◆ What is required ◆
A faithful copy of the data is the goal; set it down exactly, without the images.

(Input for this task Opens)

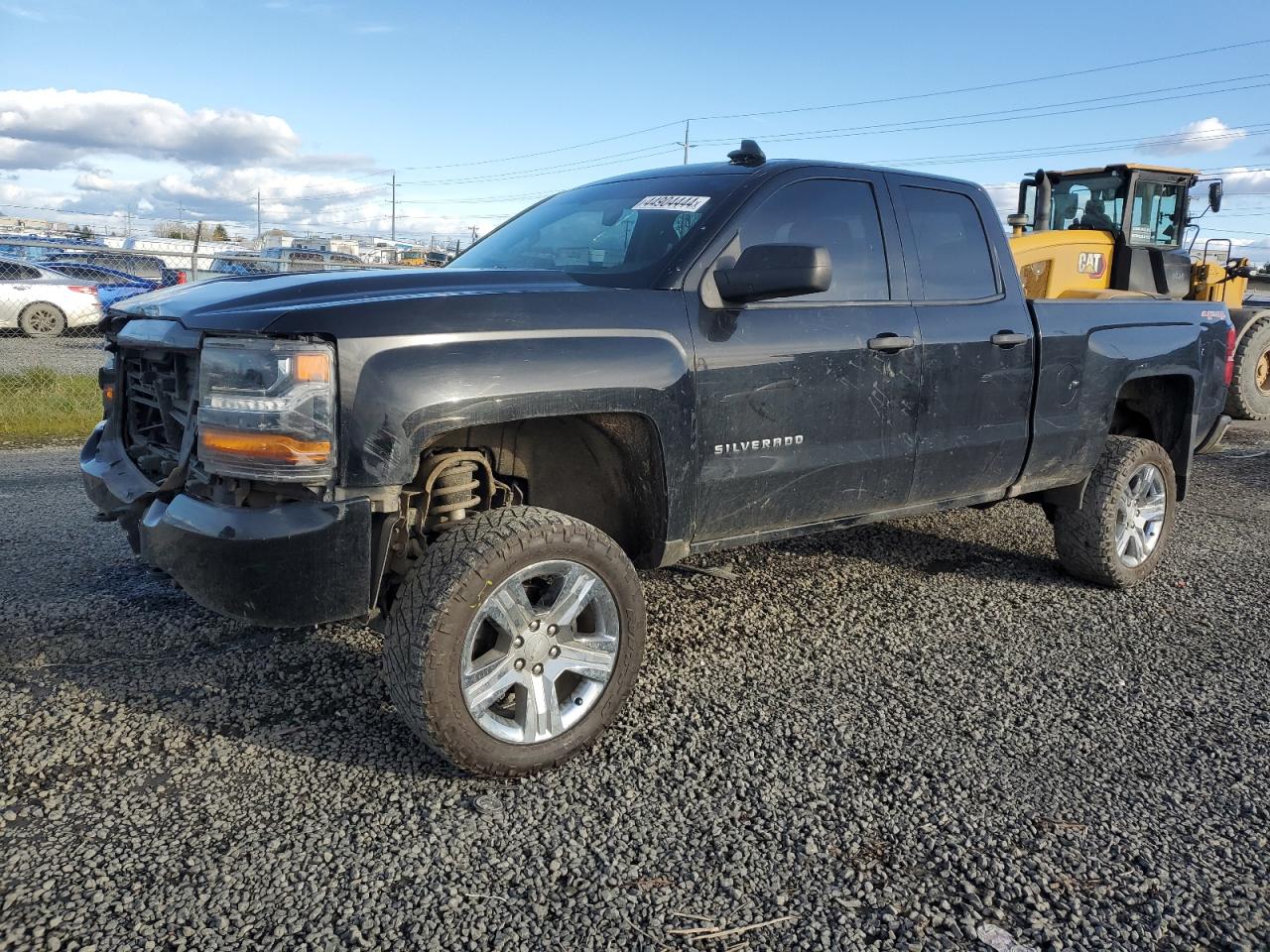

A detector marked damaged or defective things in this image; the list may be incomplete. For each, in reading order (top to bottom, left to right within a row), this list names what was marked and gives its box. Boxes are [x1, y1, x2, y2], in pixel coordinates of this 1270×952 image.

damaged black truck [76, 145, 1230, 777]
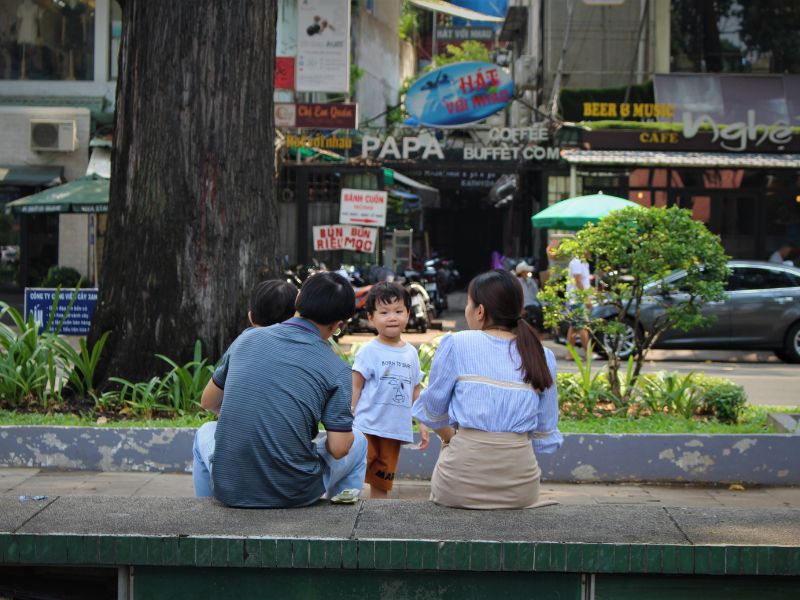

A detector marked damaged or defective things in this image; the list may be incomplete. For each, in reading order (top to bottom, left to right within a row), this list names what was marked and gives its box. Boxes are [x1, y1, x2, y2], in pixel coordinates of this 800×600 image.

peeling paint ledge [1, 426, 800, 488]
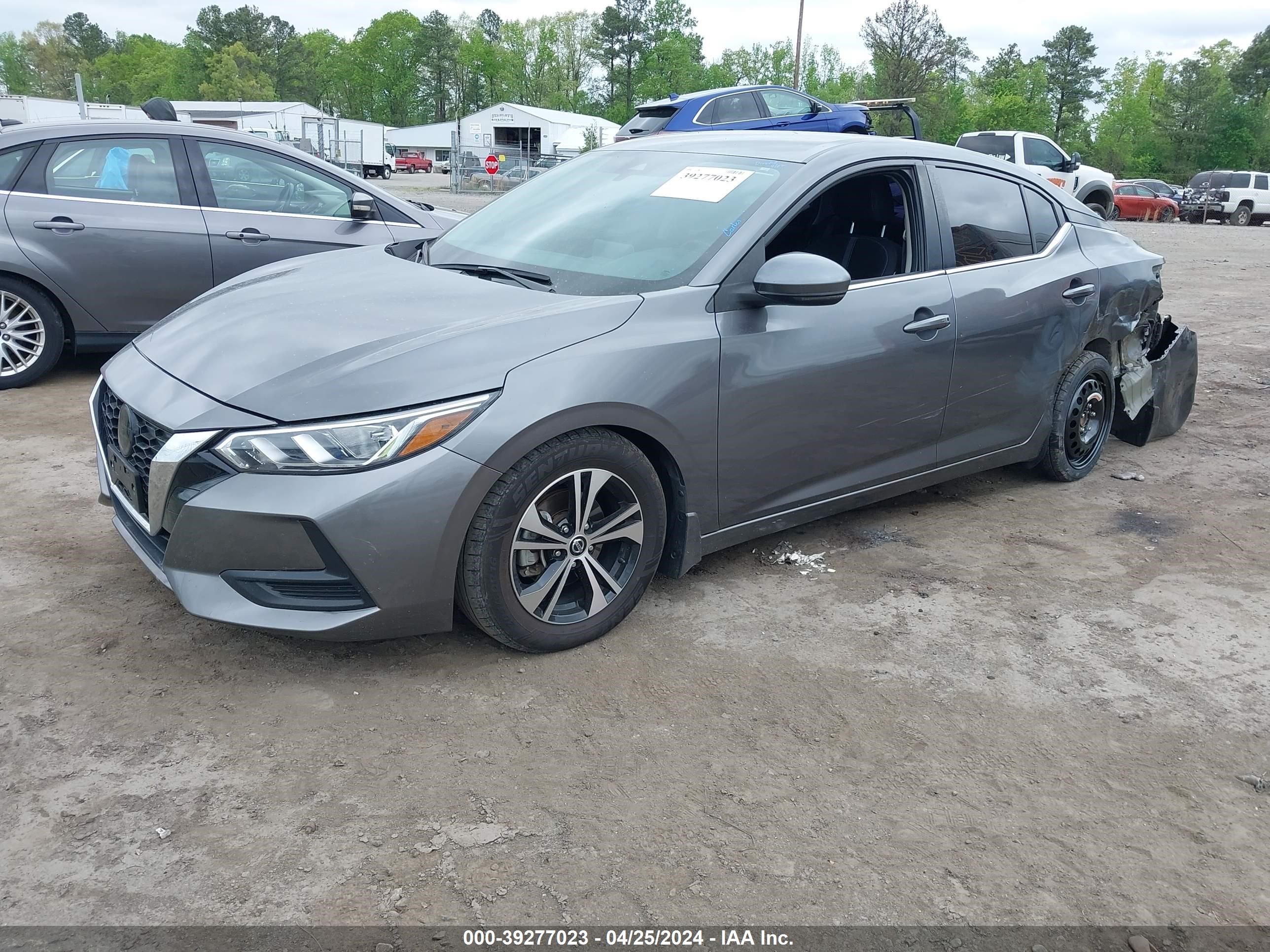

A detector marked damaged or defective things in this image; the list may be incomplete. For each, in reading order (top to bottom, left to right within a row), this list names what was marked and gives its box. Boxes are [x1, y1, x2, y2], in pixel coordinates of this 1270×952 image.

exposed rear wheel well [0, 270, 74, 353]
crumpled rear bumper [1117, 317, 1194, 444]
exposed rear wheel well [609, 426, 691, 578]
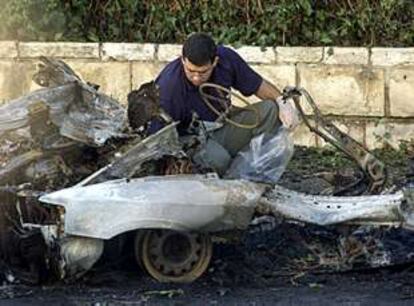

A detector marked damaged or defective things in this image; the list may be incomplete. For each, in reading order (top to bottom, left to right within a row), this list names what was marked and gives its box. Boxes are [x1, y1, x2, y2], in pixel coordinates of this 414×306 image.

(Input for this task Closes)

◆ Task result ◆
A detector marked damaged or defective things in this image; the list may be incomplete. For each, in reading order (top to bottom, left to right within a row), this list names what was marked and gives its box. Boxes are [x1, y1, x2, y2], in pixel coordinates of this 1270×952 image.

damaged black truck [76, 145, 1230, 777]

A detector marked damaged or defective things in this image; the list may be incomplete. For each, in reading order (top to bottom, left to right within a row), this list names what was marked and gives its box. Boxes are [x1, y1, x2, y2], in pixel coordinates of this 800×600 image.

peeling paint ledge [1, 426, 800, 488]

A detector marked damaged or defective things in this image; the list may be incomplete. For each, in reading order (top to bottom, left to right within a row), this list names what was marked and gives its box. Boxes are [x1, y1, x2, y2], in pixel coordinates of this 1270×952 image.

exposed rear wheel well [0, 270, 74, 353]
crumpled rear bumper [1117, 317, 1194, 444]
exposed rear wheel well [609, 426, 691, 578]

A detector marked damaged or defective things in this image; the list may be incomplete. For each, in reading order (top to bottom, left to right within a row), this list names what was marked and gives its box. Boxes are [x1, y1, x2, y2], in pixel coordinates of this 414×306 image.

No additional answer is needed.